Type 2 diabetes is a progressive metabolic condition associated with resistance to insulin. Also known as adult-onset diabetes, it usually develops in adults over the age of 45 years, but is increasingly being seen in the younger population, including children, adolescents, and young adults.1 Type 2 diabetic patients may be inadequately controlled on metformin monotherapy and may require multiple anti-diabetic medications to improve various glycemic measures and cardiovascular risk factors seen in these patients.2

 AstraZeneca has highlighted the results of combining a GLP-1 receptor agonist (Bydureon) with SGLT-2 inhibitor (Farxiga) as a potential treatment alternative to existing non-insulin therapies for patients with severe, uncontrolled type 2 diabetes. These results were presented in September 2016, at the 52nd Annual Meeting of the European Association for the Study of Diabetes (EASD) in Munich, Germany, and simultaneously published in The Lancet Diabetes & Endocrinology.3,4

The study, called the DURATION-8 trial, was a 28-week, multicenter, double-blind, randomized, active-controlled, phase III trial.  It was carried out at 109 sites in six countries and included 695 adult patients with type 2 diabetes with inadequate glycemic control on metformin monotherapy (≥1500 mg/day). Treatment administered was once-weekly exenatide (Bydureon) 2 mg by subcutaneous injection along with once-daily dapagliflozin (Farxiga) 10 mg oral tablets. Patients were randomly assigned to receive exenatide plus dapagliflozin (n=231), exenatide alone (n=231), or dapagliflozin alone (n=233). The primary endpoint was a change in HbA1c from the baseline to week 28. Secondary endpoints included changes in body weight and systolic blood pressure.2

type 2 diabetes

After 28 weeks of therapy, change in baseline HbA1c was -2·0% in the exenatide plus dapagliflozin group, -1·6% in the exenatide group, and -1·4% in the dapagliflozin group respectively.
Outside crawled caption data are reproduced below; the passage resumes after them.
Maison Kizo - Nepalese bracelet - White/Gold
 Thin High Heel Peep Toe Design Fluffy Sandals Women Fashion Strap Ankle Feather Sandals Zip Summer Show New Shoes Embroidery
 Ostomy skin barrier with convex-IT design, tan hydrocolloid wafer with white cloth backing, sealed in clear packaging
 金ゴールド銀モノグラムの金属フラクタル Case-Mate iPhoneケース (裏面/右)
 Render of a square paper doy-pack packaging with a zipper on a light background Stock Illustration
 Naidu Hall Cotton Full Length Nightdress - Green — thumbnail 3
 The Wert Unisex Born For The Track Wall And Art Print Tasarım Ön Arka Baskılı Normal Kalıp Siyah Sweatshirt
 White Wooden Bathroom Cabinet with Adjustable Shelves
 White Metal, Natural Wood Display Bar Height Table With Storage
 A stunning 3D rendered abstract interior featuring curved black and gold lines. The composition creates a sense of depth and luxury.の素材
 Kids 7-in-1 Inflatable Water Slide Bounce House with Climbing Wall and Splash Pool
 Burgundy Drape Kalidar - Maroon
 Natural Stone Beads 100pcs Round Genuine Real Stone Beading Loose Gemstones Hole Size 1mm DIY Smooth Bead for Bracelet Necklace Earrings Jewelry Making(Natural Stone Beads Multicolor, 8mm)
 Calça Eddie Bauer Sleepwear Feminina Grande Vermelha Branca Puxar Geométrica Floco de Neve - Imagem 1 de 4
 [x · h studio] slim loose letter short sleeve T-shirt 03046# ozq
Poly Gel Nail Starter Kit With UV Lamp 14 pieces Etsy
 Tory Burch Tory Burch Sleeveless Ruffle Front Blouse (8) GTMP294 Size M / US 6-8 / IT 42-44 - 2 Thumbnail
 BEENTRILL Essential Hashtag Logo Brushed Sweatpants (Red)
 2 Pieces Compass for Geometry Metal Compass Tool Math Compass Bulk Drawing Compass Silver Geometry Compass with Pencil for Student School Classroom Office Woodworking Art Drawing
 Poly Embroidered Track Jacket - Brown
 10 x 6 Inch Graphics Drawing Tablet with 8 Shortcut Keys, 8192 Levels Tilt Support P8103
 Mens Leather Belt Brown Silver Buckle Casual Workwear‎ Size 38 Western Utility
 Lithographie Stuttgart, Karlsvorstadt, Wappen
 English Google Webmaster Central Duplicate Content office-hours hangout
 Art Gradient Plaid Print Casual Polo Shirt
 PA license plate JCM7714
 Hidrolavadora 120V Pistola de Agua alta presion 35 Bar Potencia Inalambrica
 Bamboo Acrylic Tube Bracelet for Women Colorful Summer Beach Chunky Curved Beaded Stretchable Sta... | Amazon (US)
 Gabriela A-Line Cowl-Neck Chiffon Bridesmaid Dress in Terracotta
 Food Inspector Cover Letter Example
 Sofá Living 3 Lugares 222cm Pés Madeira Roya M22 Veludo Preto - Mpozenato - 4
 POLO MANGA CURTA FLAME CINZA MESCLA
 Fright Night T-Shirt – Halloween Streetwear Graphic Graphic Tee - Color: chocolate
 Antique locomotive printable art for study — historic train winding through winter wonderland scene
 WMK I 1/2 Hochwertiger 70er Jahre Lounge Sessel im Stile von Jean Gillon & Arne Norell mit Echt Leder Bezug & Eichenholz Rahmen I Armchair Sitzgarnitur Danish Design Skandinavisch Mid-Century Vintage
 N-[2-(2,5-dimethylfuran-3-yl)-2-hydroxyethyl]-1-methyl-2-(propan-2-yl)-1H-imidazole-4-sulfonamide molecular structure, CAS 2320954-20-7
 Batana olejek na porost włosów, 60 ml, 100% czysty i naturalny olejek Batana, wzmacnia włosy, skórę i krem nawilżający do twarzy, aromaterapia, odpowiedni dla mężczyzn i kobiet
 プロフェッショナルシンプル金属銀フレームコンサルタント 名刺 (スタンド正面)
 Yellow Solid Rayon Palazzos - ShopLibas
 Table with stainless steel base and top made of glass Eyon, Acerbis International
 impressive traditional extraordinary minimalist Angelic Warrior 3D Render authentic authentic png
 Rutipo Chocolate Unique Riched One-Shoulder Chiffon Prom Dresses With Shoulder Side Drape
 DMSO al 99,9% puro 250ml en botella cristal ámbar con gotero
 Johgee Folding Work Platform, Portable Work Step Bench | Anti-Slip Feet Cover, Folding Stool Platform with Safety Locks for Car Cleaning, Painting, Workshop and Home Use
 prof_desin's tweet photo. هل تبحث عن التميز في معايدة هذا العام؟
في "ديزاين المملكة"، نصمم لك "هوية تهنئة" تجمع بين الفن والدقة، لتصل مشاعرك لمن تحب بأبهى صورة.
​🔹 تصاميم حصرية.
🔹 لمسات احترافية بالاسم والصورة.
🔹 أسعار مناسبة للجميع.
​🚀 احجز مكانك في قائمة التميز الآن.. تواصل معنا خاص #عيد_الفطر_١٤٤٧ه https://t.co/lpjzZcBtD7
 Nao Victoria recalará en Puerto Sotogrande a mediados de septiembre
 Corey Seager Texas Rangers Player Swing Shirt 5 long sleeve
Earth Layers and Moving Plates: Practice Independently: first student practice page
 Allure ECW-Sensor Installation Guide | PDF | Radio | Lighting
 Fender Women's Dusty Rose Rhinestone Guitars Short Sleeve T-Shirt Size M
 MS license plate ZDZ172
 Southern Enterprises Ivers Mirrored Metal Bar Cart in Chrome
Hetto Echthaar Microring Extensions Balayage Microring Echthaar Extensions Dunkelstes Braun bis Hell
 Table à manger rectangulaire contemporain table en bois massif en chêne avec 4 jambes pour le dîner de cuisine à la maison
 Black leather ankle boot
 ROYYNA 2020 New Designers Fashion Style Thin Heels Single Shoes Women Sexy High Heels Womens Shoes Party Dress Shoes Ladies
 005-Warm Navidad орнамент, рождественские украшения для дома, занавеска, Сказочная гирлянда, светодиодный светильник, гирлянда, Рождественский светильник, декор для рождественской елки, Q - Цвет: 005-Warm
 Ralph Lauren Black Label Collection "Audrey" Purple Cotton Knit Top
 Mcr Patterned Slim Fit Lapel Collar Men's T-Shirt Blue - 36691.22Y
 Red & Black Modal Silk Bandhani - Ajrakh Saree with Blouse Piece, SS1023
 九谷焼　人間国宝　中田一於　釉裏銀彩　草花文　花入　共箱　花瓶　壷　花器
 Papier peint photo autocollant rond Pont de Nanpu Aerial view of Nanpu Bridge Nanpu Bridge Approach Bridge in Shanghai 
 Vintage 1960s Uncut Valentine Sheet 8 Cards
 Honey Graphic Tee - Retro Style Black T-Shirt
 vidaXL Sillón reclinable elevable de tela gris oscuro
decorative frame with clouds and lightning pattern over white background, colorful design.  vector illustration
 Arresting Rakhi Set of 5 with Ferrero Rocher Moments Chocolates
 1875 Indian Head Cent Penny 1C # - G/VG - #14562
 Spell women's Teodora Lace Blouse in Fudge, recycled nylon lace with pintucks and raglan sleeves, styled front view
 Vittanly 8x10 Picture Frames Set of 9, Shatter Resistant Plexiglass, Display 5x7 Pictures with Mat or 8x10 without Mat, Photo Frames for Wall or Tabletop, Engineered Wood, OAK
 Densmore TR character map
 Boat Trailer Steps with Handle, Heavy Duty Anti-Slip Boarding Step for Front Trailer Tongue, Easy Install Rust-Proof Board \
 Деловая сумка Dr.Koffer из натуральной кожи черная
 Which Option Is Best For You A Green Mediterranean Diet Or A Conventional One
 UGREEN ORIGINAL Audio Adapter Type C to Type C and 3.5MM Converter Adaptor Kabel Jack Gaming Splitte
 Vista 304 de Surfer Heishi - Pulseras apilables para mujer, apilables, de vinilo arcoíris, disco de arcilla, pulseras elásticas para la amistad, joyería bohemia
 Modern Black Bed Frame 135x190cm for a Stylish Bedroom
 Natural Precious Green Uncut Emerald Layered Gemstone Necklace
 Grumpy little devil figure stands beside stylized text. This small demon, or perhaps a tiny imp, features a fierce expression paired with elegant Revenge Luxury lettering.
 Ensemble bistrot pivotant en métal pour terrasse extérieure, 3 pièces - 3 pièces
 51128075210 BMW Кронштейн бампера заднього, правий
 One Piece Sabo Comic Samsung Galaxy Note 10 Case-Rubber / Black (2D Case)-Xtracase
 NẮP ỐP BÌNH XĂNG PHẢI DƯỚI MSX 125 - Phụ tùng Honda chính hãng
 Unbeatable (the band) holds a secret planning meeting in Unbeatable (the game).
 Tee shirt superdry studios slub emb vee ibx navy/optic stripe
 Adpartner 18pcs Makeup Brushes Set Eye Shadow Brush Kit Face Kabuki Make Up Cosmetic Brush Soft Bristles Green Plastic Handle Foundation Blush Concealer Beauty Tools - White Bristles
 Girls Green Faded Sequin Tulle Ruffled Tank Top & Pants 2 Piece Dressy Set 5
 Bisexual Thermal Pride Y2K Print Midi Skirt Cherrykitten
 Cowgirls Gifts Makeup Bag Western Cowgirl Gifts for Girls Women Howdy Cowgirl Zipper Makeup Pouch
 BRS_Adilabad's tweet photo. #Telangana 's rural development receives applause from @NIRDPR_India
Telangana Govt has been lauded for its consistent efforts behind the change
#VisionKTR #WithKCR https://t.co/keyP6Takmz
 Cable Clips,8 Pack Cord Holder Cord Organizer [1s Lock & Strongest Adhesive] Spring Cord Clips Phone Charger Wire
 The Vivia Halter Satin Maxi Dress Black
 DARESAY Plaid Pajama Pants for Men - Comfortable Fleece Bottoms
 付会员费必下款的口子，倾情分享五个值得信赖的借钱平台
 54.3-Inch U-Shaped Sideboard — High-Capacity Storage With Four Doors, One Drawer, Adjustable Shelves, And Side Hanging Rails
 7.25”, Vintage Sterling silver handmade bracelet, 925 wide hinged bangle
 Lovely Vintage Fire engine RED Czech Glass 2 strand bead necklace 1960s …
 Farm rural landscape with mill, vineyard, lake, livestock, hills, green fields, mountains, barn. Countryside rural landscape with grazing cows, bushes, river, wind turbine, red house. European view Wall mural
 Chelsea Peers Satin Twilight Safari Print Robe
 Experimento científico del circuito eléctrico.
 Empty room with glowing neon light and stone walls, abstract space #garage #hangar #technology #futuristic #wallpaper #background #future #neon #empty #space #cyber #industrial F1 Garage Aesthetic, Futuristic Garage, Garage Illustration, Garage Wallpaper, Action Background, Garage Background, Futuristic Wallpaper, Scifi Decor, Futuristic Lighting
Combined dose of exenatide and dapagliflozin significantly reduced HbA1c from baseline in comparison with either drug alone.3

Exenatide plus dapagliflozin was significantly superior to either drug alone for all secondary efficacy endpoints. Combination therapy showed greater reductions in fasting plasma and postprandial glucose, greater weight loss, and greater reductions in systolic blood pressure.3

Similar rates of adverse events and serious adverse events were seen in the exenatide once-weekly and dapagliflozin combination therapy group as the individual medicine treatment groups. Adverse events were recorded in 131 of 231 patients (57%) in the exenatide plus dapagliflozin group, 124 of 230 patients (54%) in the exenatide group, and 121 of 233 patients (52%) in the dapagliflozin group. Most common adverse events seen were diarrhea, injection-site nodules, nausea, and urinary tract infections.3

The combination therapy of Bydureon and Farxiga is not FDA approved, and neither product is approved for weight loss or the treatment of hypertension. With the DURATION-8 trial, the results of combining this class of drugs have been evaluated and presented for the first time. The results highlight combination therapy with these drugs as a potential treatment alternative to existing non-insulin therapies for patients with severe, uncontrolled type 2 diabetes.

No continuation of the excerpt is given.